Source material Block Start

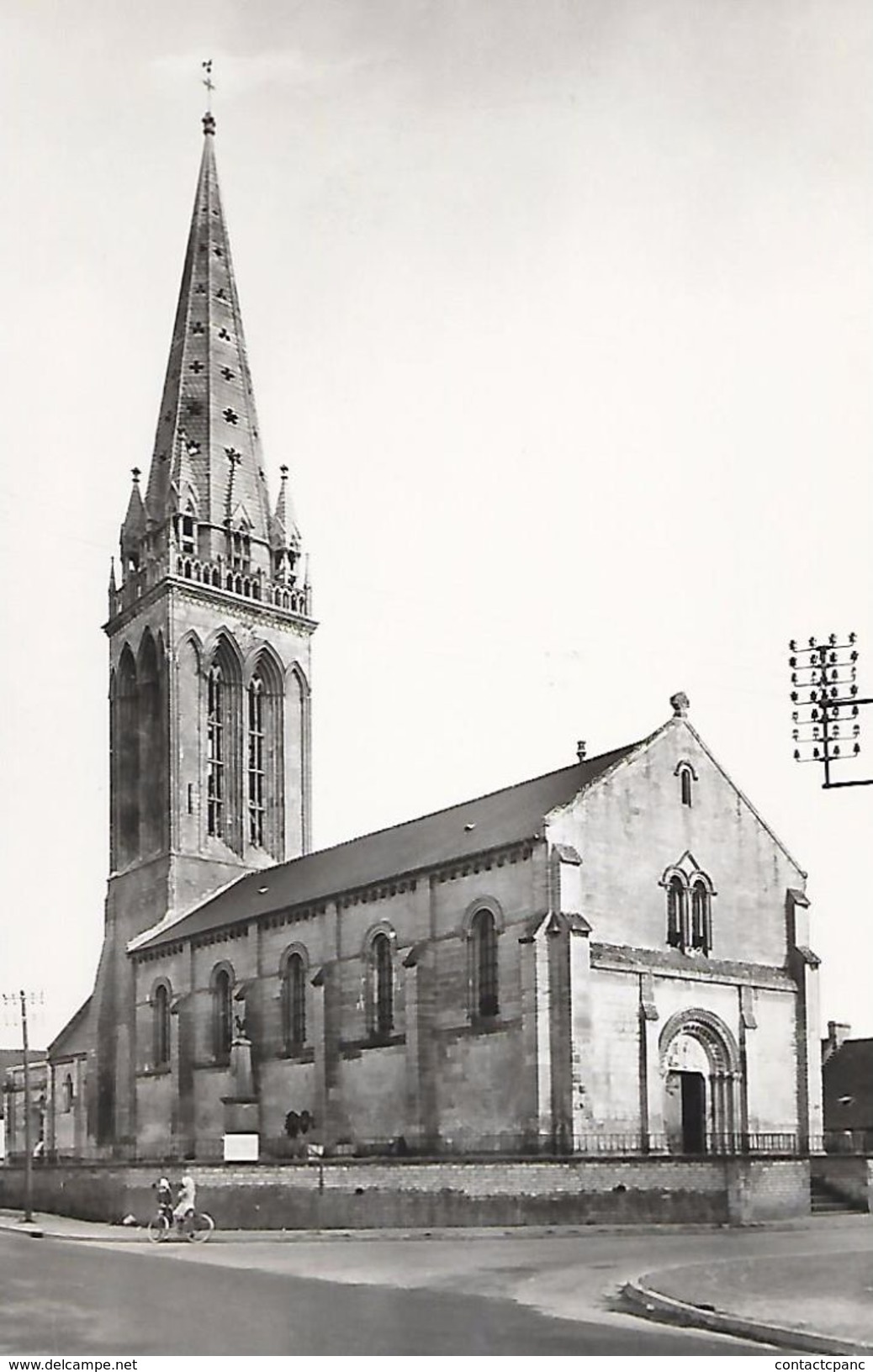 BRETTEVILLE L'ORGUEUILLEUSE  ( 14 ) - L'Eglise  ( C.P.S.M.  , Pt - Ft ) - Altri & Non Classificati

Source material Block End
Source material Block Start

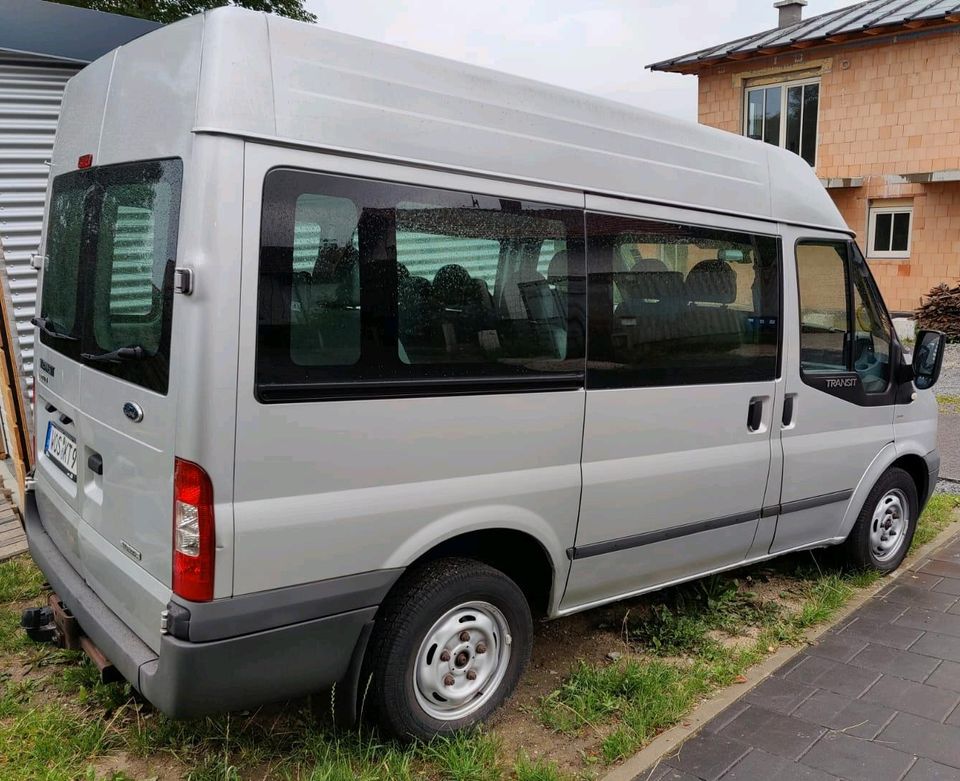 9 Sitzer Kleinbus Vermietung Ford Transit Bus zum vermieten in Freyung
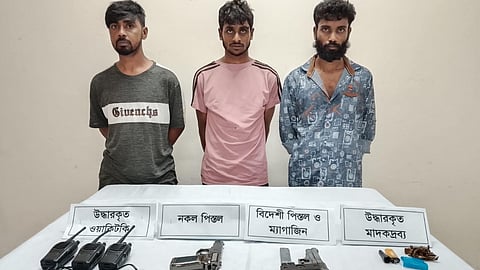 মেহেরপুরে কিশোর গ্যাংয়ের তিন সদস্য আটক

Source material Block End

** Goal of the exercise **
All that should be printed is the run of lines above from the one with "9 Sitzer Kleinbus" through the one with "মেহেরপুরে কিশোর গ্যাংয়ের তিন সদস্য আটক", both included, exactly as given, with pictures left out.

** Completed exercise **
 9 Sitzer Kleinbus Vermietung Ford Transit Bus zum vermieten in Freyung
 মেহেরপুরে কিশোর গ্যাংয়ের তিন সদস্য আটক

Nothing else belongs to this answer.